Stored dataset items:
+--
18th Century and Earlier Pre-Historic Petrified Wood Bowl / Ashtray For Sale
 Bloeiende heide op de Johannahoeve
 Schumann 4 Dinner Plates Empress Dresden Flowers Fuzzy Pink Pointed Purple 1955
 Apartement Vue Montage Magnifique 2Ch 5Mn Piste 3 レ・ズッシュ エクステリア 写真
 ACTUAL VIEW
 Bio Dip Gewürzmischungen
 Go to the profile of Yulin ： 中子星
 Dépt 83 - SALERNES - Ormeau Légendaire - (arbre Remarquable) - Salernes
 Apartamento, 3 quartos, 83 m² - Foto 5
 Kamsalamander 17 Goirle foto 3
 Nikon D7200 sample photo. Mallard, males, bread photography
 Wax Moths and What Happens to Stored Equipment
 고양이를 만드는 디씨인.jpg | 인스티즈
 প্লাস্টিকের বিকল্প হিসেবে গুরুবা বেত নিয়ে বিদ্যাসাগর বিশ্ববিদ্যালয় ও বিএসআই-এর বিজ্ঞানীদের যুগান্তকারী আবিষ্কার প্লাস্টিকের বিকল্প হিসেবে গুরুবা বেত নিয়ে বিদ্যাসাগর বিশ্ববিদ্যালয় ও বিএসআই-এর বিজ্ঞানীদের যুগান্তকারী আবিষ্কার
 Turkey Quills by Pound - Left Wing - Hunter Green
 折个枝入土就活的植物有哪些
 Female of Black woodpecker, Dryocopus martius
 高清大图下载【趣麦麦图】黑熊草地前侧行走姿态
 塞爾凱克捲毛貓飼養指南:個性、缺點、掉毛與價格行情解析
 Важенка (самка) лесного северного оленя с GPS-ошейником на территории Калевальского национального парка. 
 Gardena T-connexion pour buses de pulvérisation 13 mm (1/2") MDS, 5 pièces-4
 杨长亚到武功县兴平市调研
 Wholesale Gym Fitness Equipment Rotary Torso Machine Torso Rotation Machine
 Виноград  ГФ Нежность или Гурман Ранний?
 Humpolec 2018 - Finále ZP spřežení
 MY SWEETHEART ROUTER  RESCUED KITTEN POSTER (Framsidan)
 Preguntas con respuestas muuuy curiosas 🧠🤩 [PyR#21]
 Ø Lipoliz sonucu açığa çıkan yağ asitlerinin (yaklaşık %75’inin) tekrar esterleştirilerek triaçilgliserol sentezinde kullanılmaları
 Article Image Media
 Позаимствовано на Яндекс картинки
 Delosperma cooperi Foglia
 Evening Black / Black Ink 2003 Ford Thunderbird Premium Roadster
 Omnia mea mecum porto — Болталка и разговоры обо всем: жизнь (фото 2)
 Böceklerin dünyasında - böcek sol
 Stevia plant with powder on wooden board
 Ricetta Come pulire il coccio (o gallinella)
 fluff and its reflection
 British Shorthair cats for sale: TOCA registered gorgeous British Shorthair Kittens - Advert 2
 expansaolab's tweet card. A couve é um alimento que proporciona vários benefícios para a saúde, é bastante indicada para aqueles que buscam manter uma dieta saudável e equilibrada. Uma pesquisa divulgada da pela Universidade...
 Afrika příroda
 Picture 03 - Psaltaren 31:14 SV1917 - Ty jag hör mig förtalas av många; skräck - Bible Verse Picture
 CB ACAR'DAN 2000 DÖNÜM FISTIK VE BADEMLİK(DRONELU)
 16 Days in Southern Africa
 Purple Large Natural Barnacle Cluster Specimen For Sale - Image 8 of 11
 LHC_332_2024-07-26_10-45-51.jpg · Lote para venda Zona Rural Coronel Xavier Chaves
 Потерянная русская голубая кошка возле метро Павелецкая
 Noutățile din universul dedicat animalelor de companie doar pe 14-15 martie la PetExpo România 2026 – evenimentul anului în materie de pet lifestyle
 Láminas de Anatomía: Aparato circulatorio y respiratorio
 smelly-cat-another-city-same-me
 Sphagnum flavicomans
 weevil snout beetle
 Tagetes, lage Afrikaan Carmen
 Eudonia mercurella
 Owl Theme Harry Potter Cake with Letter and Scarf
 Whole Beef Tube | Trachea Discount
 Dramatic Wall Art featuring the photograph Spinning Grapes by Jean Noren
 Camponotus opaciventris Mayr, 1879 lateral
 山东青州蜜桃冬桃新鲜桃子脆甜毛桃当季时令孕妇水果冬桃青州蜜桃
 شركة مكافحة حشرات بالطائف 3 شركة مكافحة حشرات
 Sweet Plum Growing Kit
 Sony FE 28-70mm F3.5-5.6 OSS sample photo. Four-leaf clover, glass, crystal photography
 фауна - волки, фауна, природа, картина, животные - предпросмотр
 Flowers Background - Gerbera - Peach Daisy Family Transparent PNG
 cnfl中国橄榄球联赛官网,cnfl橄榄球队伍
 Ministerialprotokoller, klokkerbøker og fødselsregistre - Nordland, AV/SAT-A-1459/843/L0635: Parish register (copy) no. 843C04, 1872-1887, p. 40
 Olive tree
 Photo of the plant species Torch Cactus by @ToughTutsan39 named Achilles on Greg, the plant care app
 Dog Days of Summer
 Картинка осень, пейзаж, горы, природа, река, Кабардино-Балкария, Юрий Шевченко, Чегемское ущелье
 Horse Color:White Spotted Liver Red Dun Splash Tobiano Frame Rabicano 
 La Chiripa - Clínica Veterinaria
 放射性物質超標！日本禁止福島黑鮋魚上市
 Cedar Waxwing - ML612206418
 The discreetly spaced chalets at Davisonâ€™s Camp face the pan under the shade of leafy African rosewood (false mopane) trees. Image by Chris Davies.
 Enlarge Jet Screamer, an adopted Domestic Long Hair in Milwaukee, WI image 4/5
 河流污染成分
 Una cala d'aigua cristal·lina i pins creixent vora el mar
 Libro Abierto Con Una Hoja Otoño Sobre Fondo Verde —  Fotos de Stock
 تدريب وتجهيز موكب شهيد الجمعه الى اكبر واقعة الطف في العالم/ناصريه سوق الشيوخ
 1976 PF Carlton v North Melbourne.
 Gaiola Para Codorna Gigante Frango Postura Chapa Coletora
+--
### Aim of the exercise
Using the records above, say how many lines contain the word "plant". Write the number alone.

### Solution below
2